* **Extracted material**
————————

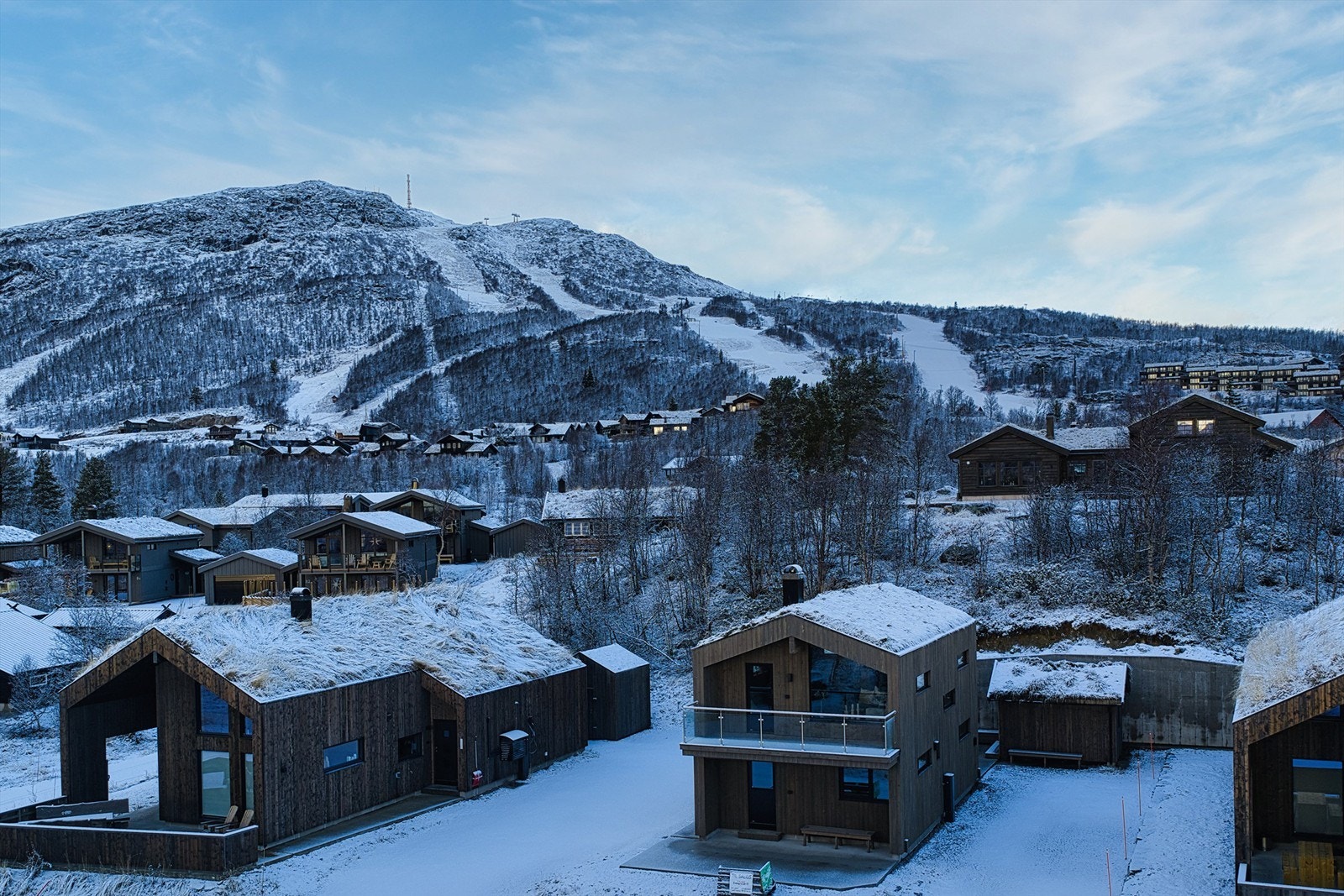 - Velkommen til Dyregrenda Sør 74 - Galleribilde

————————

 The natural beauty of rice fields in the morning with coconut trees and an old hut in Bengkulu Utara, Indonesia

————————

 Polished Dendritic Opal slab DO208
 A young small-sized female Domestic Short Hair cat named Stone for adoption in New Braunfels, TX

————————

* **Task description**
Reproduce, exactly as they stand in the data above, the lines from the one that holds "Polished Dendritic Opal slab DO208" to the one that holds "A young small-sized", inclusive.

* **Answer**
 Polished Dendritic Opal slab DO208
 A young small-sized female Domestic Short Hair cat named Stone for adoption in New Braunfels, TX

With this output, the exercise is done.